Estoy muy enojado, me invaden sentimientos de odio,
aborrecimiento, de rechazo. No es que me atenga incómodo o molesto, tampoco
encabronado, ahora no es cosa de reducir mis emociones a las del macho cabrío.
Me siento muy enojado y eso no es bueno, ni agradable, ni útil: hay buenos
dichos mexicanos que recuerdan que “el que se enoja pierde”, o aquel que
aprendemos desde niños, “enojado dices cosas de las que luego te puedes
arrepentir”.
No me mueve el odio a nadie ni a
nada, no es personal. No he amado algo que mueva el sentimiento opuesto. No me
he sujetado a una pasión, cuya fractura genere el sentido invertido y me
esclavice en la eternidad del duelo vindicativo. Es algo peor lo que me consume
y se llama ira, una combinación de sordera y ceguera, de aire y prisa, obstinación
y urgencia. Es la ira la que se apodera de mi razón, como tantas veces ha
ocurrido con anterioridad. Me conozco.

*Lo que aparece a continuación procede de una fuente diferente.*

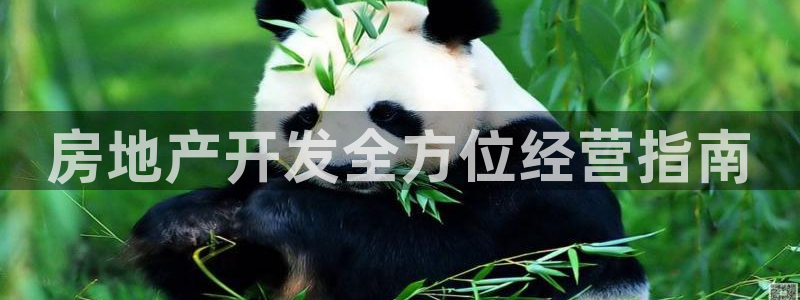 永利铔厂总技师长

Es un rasgo de carácter, es una distinción que me
enorgullece.
Bien decían los antiguos que la
ira “oye en parte la razón, pero la escucha mal... antes de oír todo lo que se les dice, salen
corriendo y luego cumplen mal la orden… como los perros que ladran cuando oyen
la puerta, antes de ver si es un amigo” Quien analiza la pasión colérica es
Aristóteles, y sentenciaba, que el carácter iracundo de un incontinente, era
tan aprobado por algunos, como el avaro en las oligarquías y el intrépido en
las Repúblicas, tres casos de excesos respecto a los justos medios: el apacible,
el liberal y el valiente, bien vistos, donde
la aparente energía y velocidad en las acciones, se premia como sinónimo de
éxito; cuando las riquezas se convierten
en el distintivo mayor de una sociedad que atesora el estilo Rico Mac Pato; incluso
en las Repúblicas que se pervierten y
degeneran, moviendo el centro de la razón moral, del justo medio, a uno de los
extremos más opuestos, al del Cobarde.
Pero lo que hace de la ira un
estigma admirable, es cuando el objeto que la dispara son aquellos apetitos
insatisfechos que resultan poco o nada necesarios. Es vituperable el que se
envicia con los placeres corporales -bien sea porque se contenga o no lo haga-,
porque los dolores del cuerpo lo obligan
a perseguir el comer, el beber, las riquezas, el placer, el sexo. Pero cuando los
apetitos causan reconocimiento, como en la victoria, los honores políticos o los
académicos, entonces la reacción feroz, temperamental, la iracunda desatada, se
dice que está justificada, que el mal humor se entiende, que la cólera liberada
se comprende.
Es necesario introducir algunos
elementos más, en este pasaje de vuelta a la razón afectada. Se le llama humor a
aquel estado de ánimo que se relaciona con los cuatro elementos que existen en
la naturaleza exterior e interior de las personas. Sangre-aire, bilis
amarilla-fuego, bilis negra-tierra, y flema-agua. Así, el humor dominante en el
carácter de la gente, le confiere un dominio de su forma de ser: hay
flemáticos, como los ingleses que son reflexivos y fríos; otros, los sangrientos, los aireados,
explicaba Hipócrates eran los más ajustados a la razón humana, porque los
biliosos o coléricos (cole = bilis) se asemejan más a las naciones
conquistadoras, las que toman y roban compulsivamente, las que se mantienen en
una estado de ira eterna; y falta el de la bilis negra, el “melan-cole” o “atra-bilis”, el humor que se genera en el páncreas, bajo esta construcción y que
corresponde a las personas en que predomina la melancolía, el estado propio de
los enamorados y poetas.
Son estados de ánimo y regreso a
esta frase para precisar que ánima es el alma, es la parte de todo ser humano que gobierna, el recinto de
los deseos y la imaginación, es nido de los sueños y los apetitos, control de
las funciones orgánicas y de las inorgánicas también. Es la casa de la razón,
de la inteligencia, de los recuerdos y de las emociones. El alma reside en la
humanidad y asume las funciones del corazón y de la cabeza. Manda con justicia encima
del vientre y es desalojada cuando se imponen las apetencias de la parte inferior,
la que nos iguala con los animales. Cuando mandan las pasiones del bajo vientre,
la humanidad es peor que las bestias, porque actúa, incluso, a sabiendas de que
hace daño, causa vergüenza y lastima a otros.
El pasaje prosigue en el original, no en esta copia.